*Work task*: Please transcribe the records precisely; pictures stay out of your copy.

• • • • •

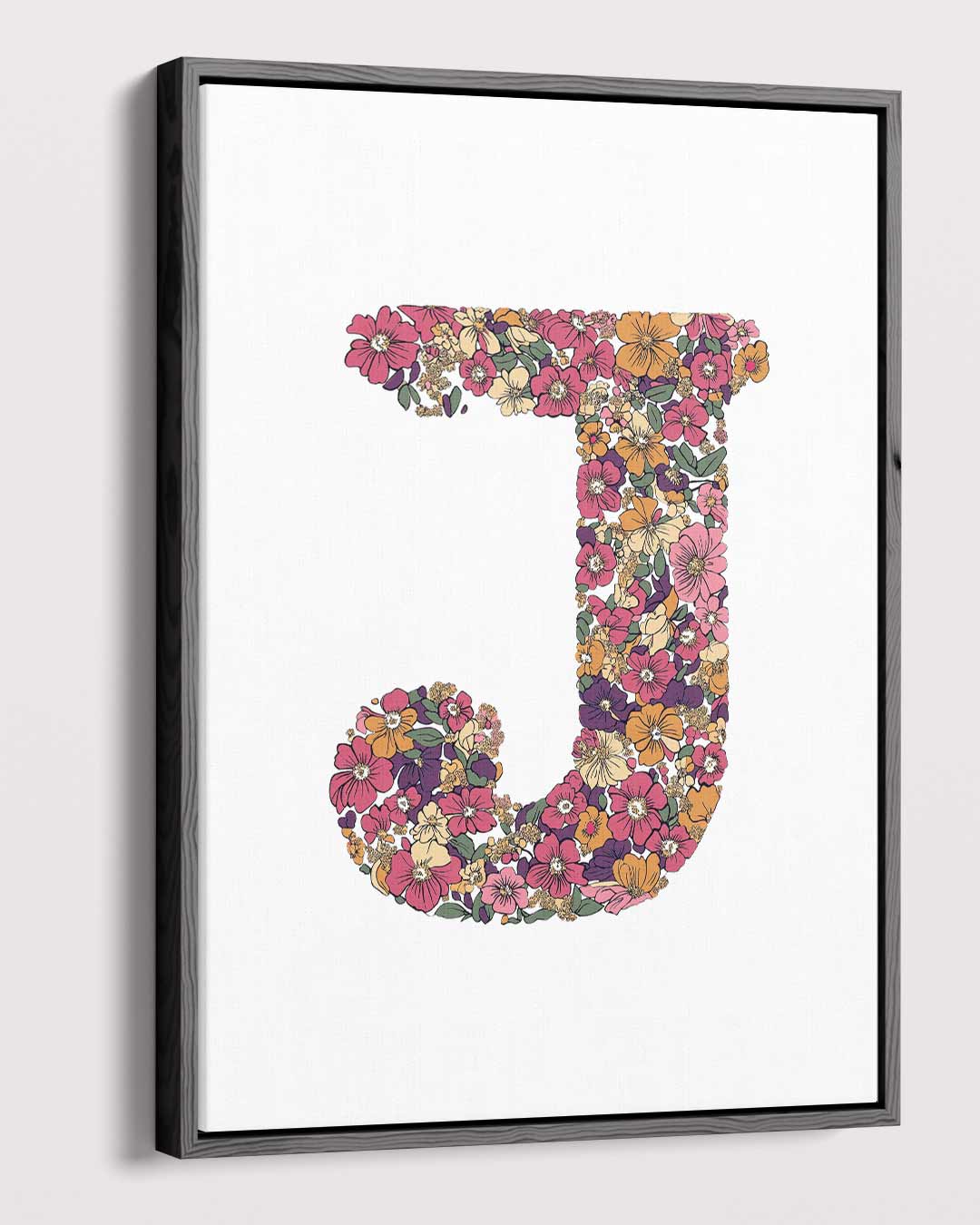 Bloemen Initialen Kunstwerk - J – plexiglas wanddecoratie in portret formaat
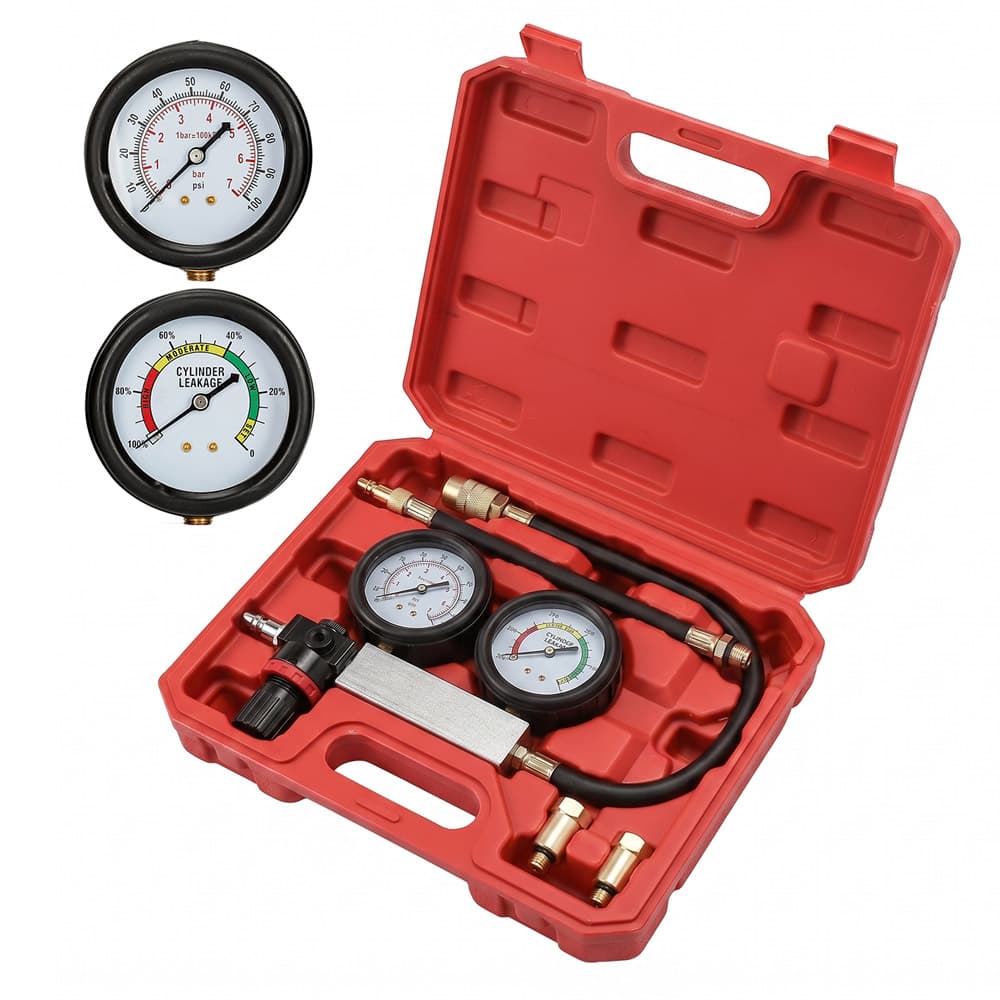 Medidor de Compresión y Comprobador De Fugas De Cilindros Gadnic 0 a 100 PSI Automotriz Con Adaptadores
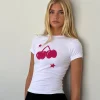 Motel Rocks Basics | Basic Tops-Sutin Baby Tee in White Cherry Print WhiteCherryPrint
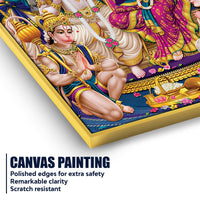 Ram Darbar Religious Canvas Painting | Hindu Spiritual Wall Art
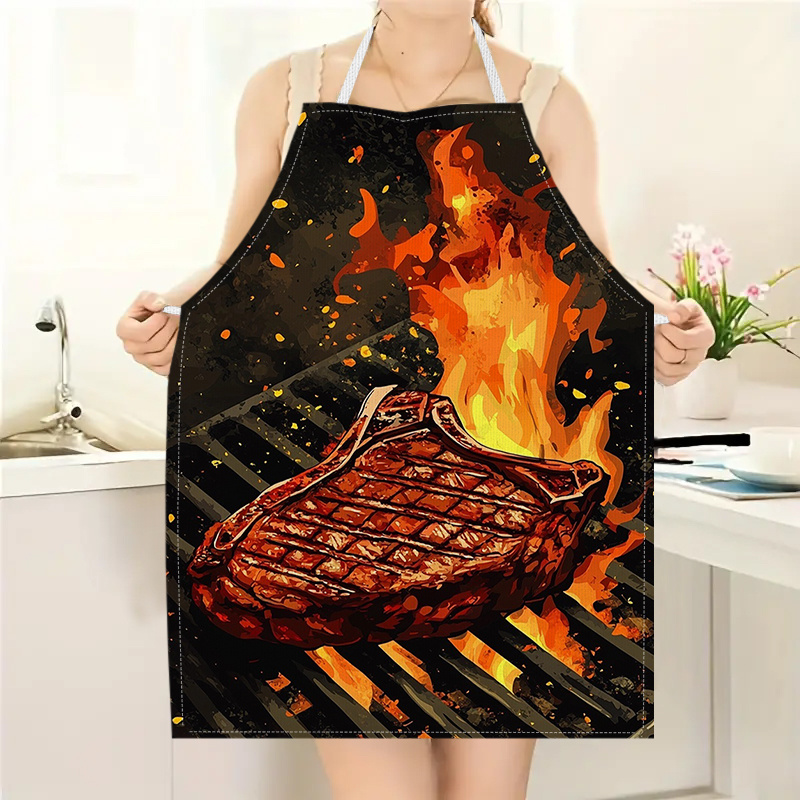 Kitchen Baking Ideas - 1枚入りBBQステーキエプロン、炎模様プリント入り、キッチン調理、ベーキング、作業着、ユニセックス、ホームシェフ、肉愛好家へのギフトに最適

• • • • •

*Problem solution*:
 Bloemen Initialen Kunstwerk - J – plexiglas wanddecoratie in portret formaat
 Medidor de Compresión y Comprobador De Fugas De Cilindros Gadnic 0 a 100 PSI Automotriz Con Adaptadores
 Motel Rocks Basics | Basic Tops-Sutin Baby Tee in White Cherry Print WhiteCherryPrint
 Ram Darbar Religious Canvas Painting | Hindu Spiritual Wall Art
 Kitchen Baking Ideas - 1枚入りBBQステーキエプロン、炎模様プリント入り、キッチン調理、ベーキング、作業着、ユニセックス、ホームシェフ、肉愛好家へのギフトに最適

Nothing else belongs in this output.